Captioned web images:
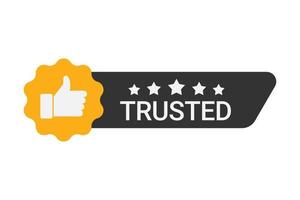 Trusted label with five stars and thumbs up vector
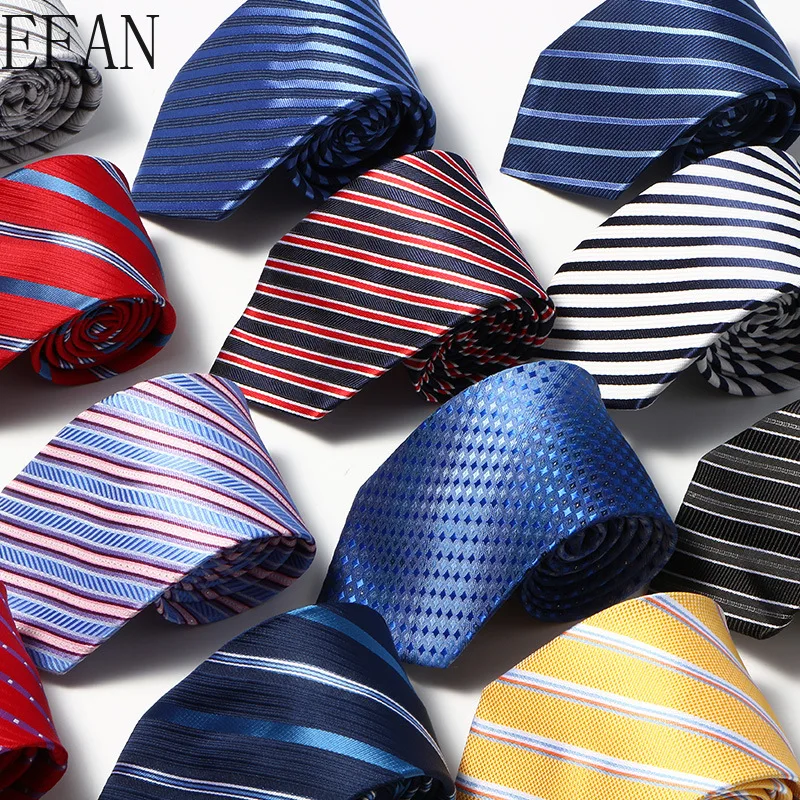 Classic Silk Men's Neck Ties 8cm Solid Plaid Striped Ties for Men Formal Business Luxury Groom Wedding Party Neckties Gravatas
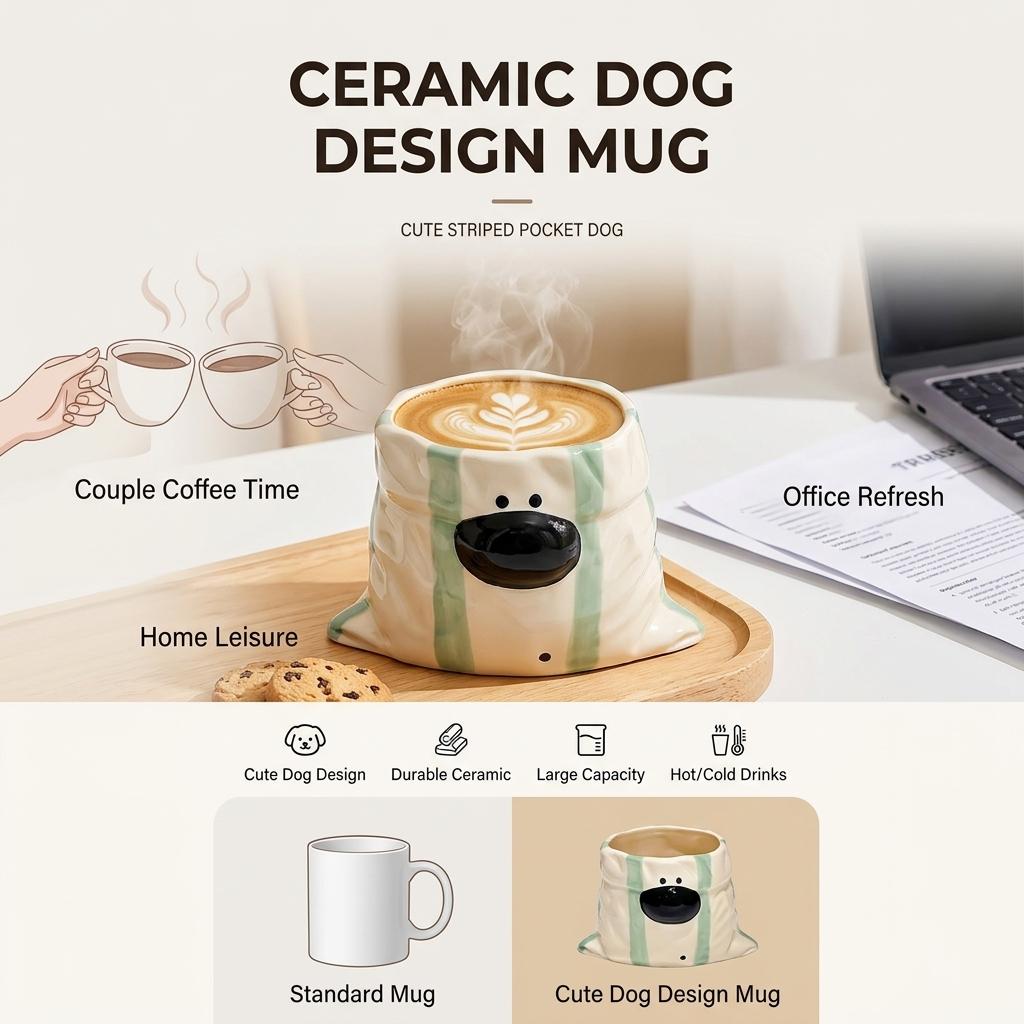 1pc Dog Shaped Handle Mug Cute Ceramic Coffee Cup Porcelain Tea Mug for Home Office Gift Durable High Quality Drinkware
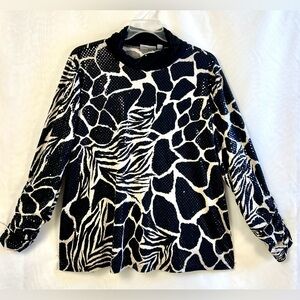 Susan Graver Women’s Black and White Sequin Turtleneck Stretchy Top 3XL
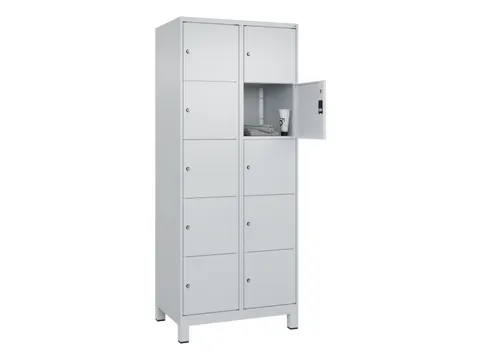 lockerkast,HxBxD 1950x800x500mm,2x5vakken,vak B 400mm,cil.-slot,voeten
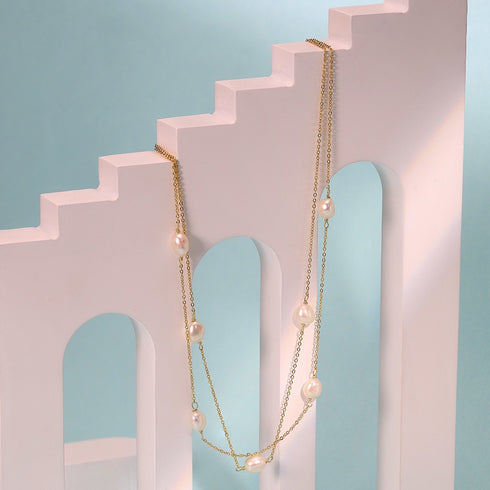 Baroque Freshwater Pearl Layered Necklace – Sterling Silver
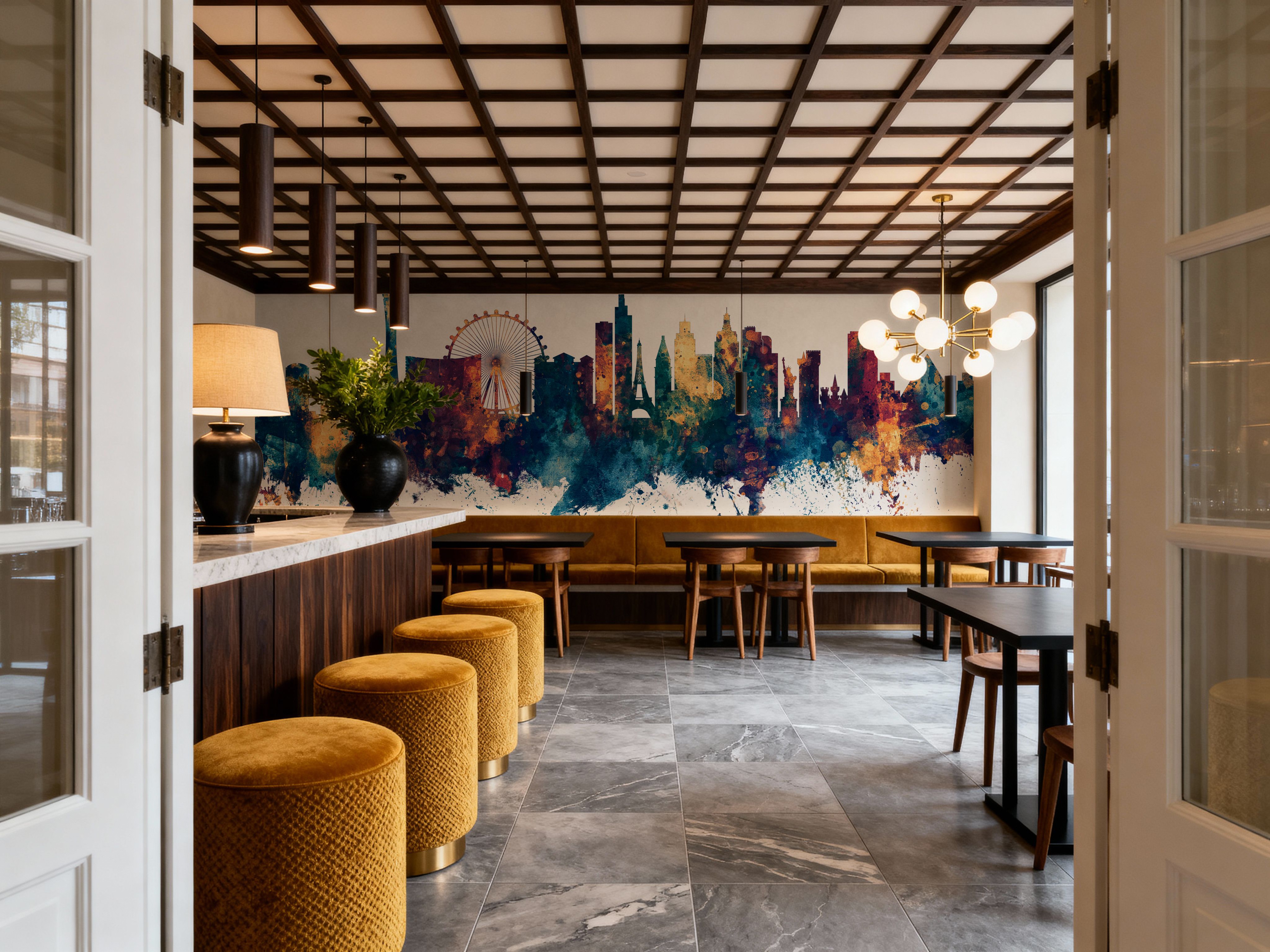 Las Vegas Nevada Skyline Blue & Bronze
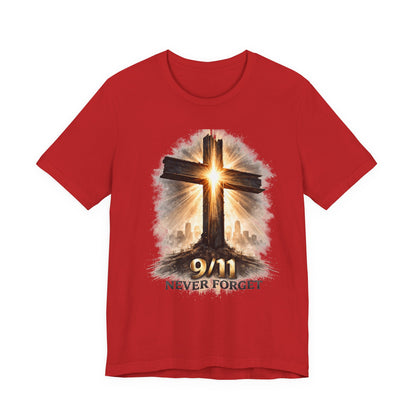 9/11 Never Forget T‑Shirt - Cross Memorial Tee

(WHAT IS REQUIRED):
Take the records above from the line with "Classic Silk Men's" down to their last line and please copy those lines exactly, without the pictures.

(OUTPUT BELOW):
 Classic Silk Men's Neck Ties 8cm Solid Plaid Striped Ties for Men Formal Business Luxury Groom Wedding Party Neckties Gravatas
 1pc Dog Shaped Handle Mug Cute Ceramic Coffee Cup Porcelain Tea Mug for Home Office Gift Durable High Quality Drinkware
 Susan Graver Women’s Black and White Sequin Turtleneck Stretchy Top 3XL
 lockerkast,HxBxD 1950x800x500mm,2x5vakken,vak B 400mm,cil.-slot,voeten
 Baroque Freshwater Pearl Layered Necklace – Sterling Silver
 Las Vegas Nevada Skyline Blue & Bronze
 9/11 Never Forget T‑Shirt - Cross Memorial Tee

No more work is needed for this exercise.